(About this task) Make an exact copy of the listing so that no picture is carried over.

(Dataset content)
==========

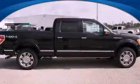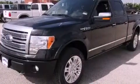This is a brand new 2012 Ford F-150. It has what you need for work as well as what you want for play.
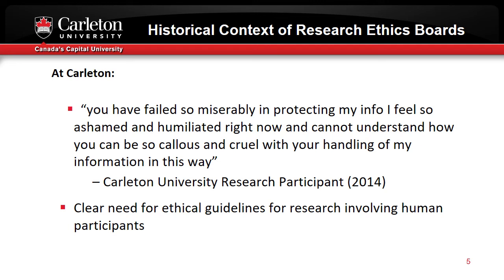I hope these examples give you a good sense of why we feel it is so important that research at Carleton only be carried out in accordance with strong ethical guidelines when people and their welfare may be affected.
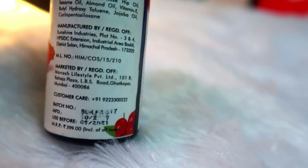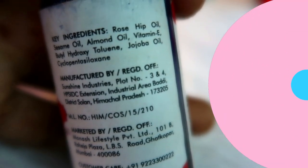It comes in 30 milliliters with a shelf life of 2 years. The key ingredients include rosehip oil, sesame oil, and almond oil.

==========

(Solution to this exercise)
This is a brand new 2012 Ford F-150. It has what you need for work as well as what you want for play.
I hope these examples give you a good sense of why we feel it is so important that research at Carleton only be carried out in accordance with strong ethical guidelines when people and their welfare may be affected.
It comes in 30 milliliters with a shelf life of 2 years. The key ingredients include rosehip oil, sesame oil, and almond oil.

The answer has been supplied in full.